> _Problem description_: In exact form, set down only those lines of the material that run from its first line to the line with "Construyen nueva estación", inclusive.

> _Input material_:

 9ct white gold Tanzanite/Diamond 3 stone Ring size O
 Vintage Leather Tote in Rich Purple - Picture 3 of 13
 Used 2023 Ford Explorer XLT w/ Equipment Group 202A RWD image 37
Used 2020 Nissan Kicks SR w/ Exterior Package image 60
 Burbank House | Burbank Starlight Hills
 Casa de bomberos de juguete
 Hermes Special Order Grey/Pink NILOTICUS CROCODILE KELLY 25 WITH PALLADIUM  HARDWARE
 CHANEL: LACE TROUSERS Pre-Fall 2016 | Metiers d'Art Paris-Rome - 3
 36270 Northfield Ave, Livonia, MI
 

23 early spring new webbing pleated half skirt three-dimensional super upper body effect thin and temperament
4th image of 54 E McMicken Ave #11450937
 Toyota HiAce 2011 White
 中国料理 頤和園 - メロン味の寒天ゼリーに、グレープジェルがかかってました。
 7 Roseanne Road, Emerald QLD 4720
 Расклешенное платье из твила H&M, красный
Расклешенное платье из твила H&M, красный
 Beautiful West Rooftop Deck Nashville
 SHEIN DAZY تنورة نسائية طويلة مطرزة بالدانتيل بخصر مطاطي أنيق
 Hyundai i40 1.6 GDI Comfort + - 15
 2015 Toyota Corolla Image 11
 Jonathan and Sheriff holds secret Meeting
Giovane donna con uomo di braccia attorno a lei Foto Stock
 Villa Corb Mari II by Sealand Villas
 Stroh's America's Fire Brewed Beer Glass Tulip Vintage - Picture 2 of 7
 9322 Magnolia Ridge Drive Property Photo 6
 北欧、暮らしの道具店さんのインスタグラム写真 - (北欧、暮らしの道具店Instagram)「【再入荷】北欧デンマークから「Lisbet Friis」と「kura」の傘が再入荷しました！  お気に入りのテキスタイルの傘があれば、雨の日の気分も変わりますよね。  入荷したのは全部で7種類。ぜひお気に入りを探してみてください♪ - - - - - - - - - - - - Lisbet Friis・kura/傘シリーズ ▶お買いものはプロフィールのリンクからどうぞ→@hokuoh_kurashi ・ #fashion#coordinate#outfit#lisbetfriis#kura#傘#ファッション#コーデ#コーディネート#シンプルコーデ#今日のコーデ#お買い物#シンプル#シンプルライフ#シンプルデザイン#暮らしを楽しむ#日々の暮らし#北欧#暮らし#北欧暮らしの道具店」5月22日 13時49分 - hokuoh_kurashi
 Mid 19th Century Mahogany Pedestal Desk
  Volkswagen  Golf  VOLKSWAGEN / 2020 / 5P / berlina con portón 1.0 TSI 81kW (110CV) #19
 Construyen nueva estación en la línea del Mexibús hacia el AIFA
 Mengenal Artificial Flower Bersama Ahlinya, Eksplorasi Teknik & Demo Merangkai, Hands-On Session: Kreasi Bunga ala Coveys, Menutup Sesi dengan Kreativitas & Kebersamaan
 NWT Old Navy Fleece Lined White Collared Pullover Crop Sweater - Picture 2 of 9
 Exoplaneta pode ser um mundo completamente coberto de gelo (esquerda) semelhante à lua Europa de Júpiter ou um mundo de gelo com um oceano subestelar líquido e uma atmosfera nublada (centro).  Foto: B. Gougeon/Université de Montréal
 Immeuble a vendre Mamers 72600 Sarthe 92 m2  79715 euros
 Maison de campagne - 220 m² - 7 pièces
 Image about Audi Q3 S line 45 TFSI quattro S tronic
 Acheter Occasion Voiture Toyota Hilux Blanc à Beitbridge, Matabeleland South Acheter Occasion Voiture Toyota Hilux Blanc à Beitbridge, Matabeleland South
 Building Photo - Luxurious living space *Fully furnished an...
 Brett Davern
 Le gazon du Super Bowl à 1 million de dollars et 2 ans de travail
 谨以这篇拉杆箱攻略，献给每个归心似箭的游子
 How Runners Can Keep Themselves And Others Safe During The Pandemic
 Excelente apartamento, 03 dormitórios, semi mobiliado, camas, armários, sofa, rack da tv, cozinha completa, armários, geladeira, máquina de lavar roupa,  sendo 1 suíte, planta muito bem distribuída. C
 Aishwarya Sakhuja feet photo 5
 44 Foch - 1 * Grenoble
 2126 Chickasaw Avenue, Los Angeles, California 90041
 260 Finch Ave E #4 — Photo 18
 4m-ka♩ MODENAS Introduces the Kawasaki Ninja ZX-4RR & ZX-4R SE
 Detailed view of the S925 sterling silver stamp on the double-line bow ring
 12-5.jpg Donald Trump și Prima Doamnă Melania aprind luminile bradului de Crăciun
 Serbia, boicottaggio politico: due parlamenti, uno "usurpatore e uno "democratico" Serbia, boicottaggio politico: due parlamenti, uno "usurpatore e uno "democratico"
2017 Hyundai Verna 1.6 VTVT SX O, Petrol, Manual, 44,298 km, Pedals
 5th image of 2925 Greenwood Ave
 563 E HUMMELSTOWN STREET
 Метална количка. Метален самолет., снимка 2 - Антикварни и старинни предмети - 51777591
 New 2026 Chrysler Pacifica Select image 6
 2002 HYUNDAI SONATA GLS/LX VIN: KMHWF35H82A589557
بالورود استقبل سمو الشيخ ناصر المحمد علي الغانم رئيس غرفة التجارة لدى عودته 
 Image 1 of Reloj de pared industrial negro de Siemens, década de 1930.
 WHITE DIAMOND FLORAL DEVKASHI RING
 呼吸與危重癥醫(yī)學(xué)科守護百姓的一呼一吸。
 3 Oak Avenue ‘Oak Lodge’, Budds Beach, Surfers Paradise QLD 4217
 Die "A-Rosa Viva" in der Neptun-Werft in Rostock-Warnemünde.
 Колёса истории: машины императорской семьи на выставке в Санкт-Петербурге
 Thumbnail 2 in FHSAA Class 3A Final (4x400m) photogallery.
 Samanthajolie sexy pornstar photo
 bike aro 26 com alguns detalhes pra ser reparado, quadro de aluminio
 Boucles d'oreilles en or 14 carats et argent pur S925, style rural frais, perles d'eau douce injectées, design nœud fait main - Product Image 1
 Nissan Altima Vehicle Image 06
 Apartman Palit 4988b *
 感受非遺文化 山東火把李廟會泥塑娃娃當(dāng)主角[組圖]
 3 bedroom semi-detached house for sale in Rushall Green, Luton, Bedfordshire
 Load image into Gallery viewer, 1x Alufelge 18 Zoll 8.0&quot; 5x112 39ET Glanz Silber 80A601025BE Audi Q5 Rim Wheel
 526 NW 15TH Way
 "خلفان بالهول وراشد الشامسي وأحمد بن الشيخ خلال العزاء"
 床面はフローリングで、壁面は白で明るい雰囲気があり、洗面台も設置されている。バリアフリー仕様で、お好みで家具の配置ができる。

> _Output below_:
 9ct white gold Tanzanite/Diamond 3 stone Ring size O
 Vintage Leather Tote in Rich Purple - Picture 3 of 13
 Used 2023 Ford Explorer XLT w/ Equipment Group 202A RWD image 37
Used 2020 Nissan Kicks SR w/ Exterior Package image 60
 Burbank House | Burbank Starlight Hills
 Casa de bomberos de juguete
 Hermes Special Order Grey/Pink NILOTICUS CROCODILE KELLY 25 WITH PALLADIUM  HARDWARE
 CHANEL: LACE TROUSERS Pre-Fall 2016 | Metiers d'Art Paris-Rome - 3
 36270 Northfield Ave, Livonia, MI
 

23 early spring new webbing pleated half skirt three-dimensional super upper body effect thin and temperament
4th image of 54 E McMicken Ave #11450937
 Toyota HiAce 2011 White
 中国料理 頤和園 - メロン味の寒天ゼリーに、グレープジェルがかかってました。
 7 Roseanne Road, Emerald QLD 4720
 Расклешенное платье из твила H&M, красный
Расклешенное платье из твила H&M, красный
 Beautiful West Rooftop Deck Nashville
 SHEIN DAZY تنورة نسائية طويلة مطرزة بالدانتيل بخصر مطاطي أنيق
 Hyundai i40 1.6 GDI Comfort + - 15
 2015 Toyota Corolla Image 11
 Jonathan and Sheriff holds secret Meeting
Giovane donna con uomo di braccia attorno a lei Foto Stock
 Villa Corb Mari II by Sealand Villas
 Stroh's America's Fire Brewed Beer Glass Tulip Vintage - Picture 2 of 7
 9322 Magnolia Ridge Drive Property Photo 6
 北欧、暮らしの道具店さんのインスタグラム写真 - (北欧、暮らしの道具店Instagram)「【再入荷】北欧デンマークから「Lisbet Friis」と「kura」の傘が再入荷しました！  お気に入りのテキスタイルの傘があれば、雨の日の気分も変わりますよね。  入荷したのは全部で7種類。ぜひお気に入りを探してみてください♪ - - - - - - - - - - - - Lisbet Friis・kura/傘シリーズ ▶お買いものはプロフィールのリンクからどうぞ→@hokuoh_kurashi ・ #fashion#coordinate#outfit#lisbetfriis#kura#傘#ファッション#コーデ#コーディネート#シンプルコーデ#今日のコーデ#お買い物#シンプル#シンプルライフ#シンプルデザイン#暮らしを楽しむ#日々の暮らし#北欧#暮らし#北欧暮らしの道具店」5月22日 13時49分 - hokuoh_kurashi
 Mid 19th Century Mahogany Pedestal Desk
  Volkswagen  Golf  VOLKSWAGEN / 2020 / 5P / berlina con portón 1.0 TSI 81kW (110CV) #19
 Construyen nueva estación en la línea del Mexibús hacia el AIFA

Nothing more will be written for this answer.